What is being asked
Track down each line below containing the string "Garden" and copy it.

---------- Excerpted data ----------

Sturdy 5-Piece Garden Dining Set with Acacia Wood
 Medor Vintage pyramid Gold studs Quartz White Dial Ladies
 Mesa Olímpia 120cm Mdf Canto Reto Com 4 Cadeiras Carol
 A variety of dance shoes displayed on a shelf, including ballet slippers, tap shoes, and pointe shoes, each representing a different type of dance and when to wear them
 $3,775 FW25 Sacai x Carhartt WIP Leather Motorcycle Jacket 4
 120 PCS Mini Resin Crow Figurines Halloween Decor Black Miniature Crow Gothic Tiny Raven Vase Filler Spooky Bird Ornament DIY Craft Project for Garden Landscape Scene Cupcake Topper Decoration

----------

Solution to this exercise
Sturdy 5-Piece Garden Dining Set with Acacia Wood
 120 PCS Mini Resin Crow Figurines Halloween Decor Black Miniature Crow Gothic Tiny Raven Vase Filler Spooky Bird Ornament DIY Craft Project for Garden Landscape Scene Cupcake Topper Decoration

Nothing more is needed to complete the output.